## PROBLEM TO WORK ON
Give again, unaltered, the line with "Хлопковые шорты the" and all lines that follow it in the listing below, minus any pictures.

## INPUT DATA
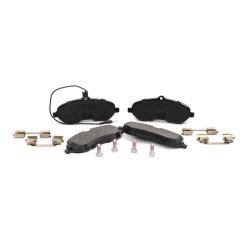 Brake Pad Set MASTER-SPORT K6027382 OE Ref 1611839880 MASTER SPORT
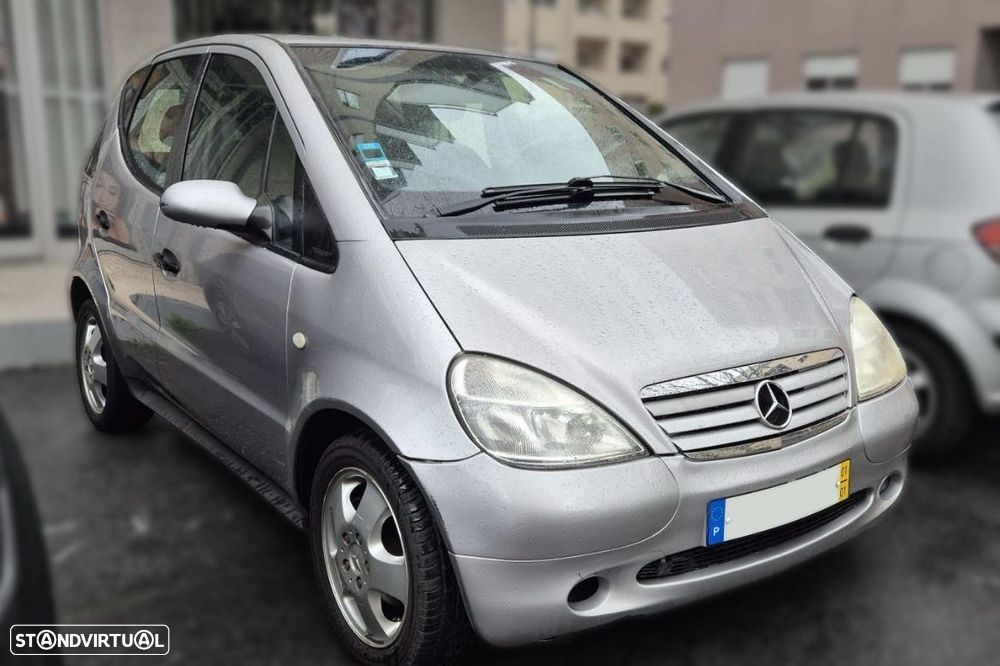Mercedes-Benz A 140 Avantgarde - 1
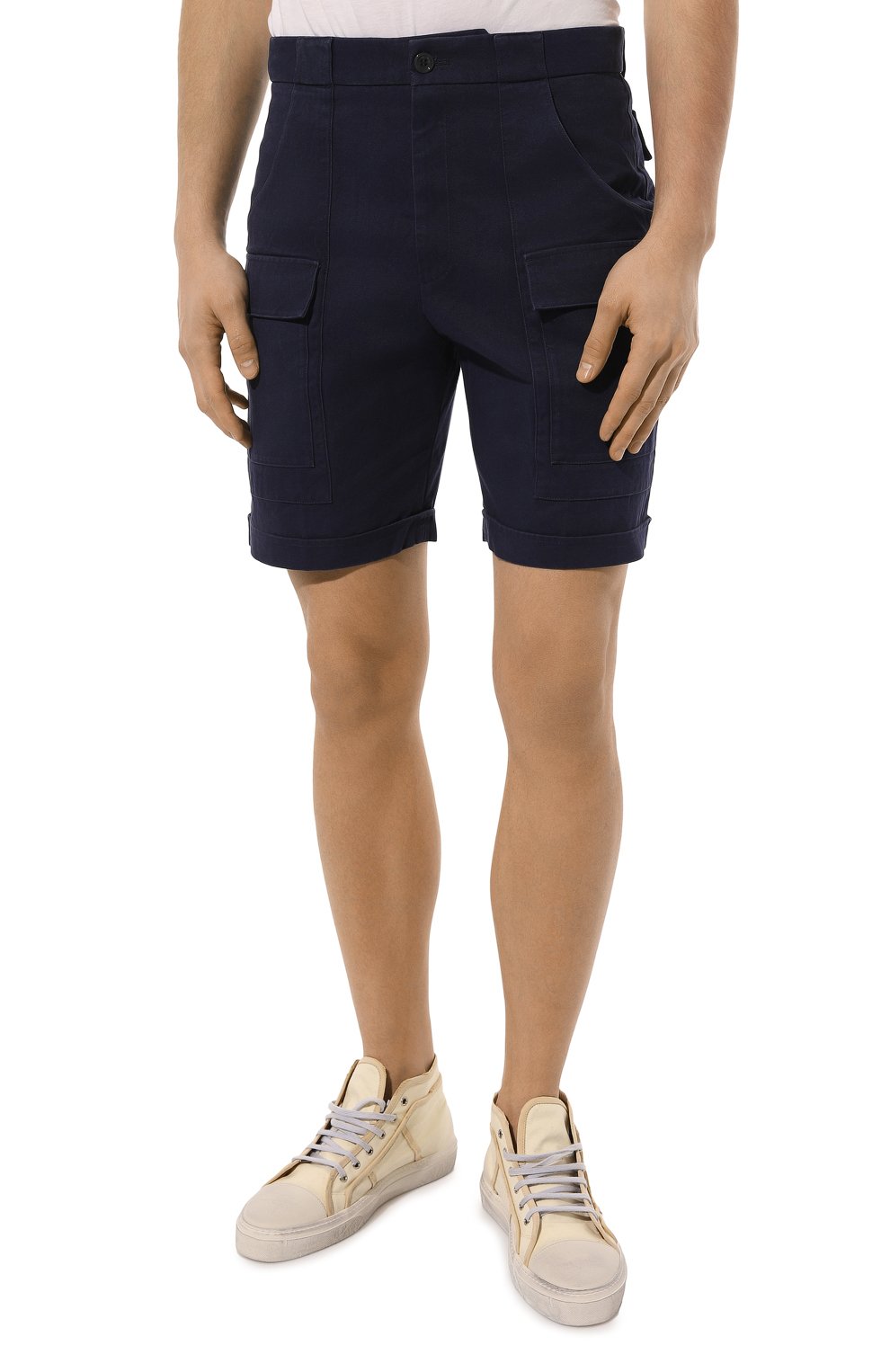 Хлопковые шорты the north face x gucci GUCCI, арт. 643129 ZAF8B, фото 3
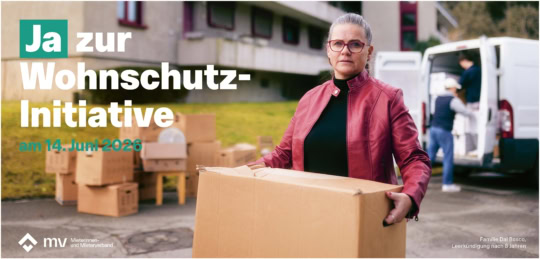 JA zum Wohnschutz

## RESPONSE BOX
 Хлопковые шорты the north face x gucci GUCCI, арт. 643129 ZAF8B, фото 3
 JA zum Wohnschutz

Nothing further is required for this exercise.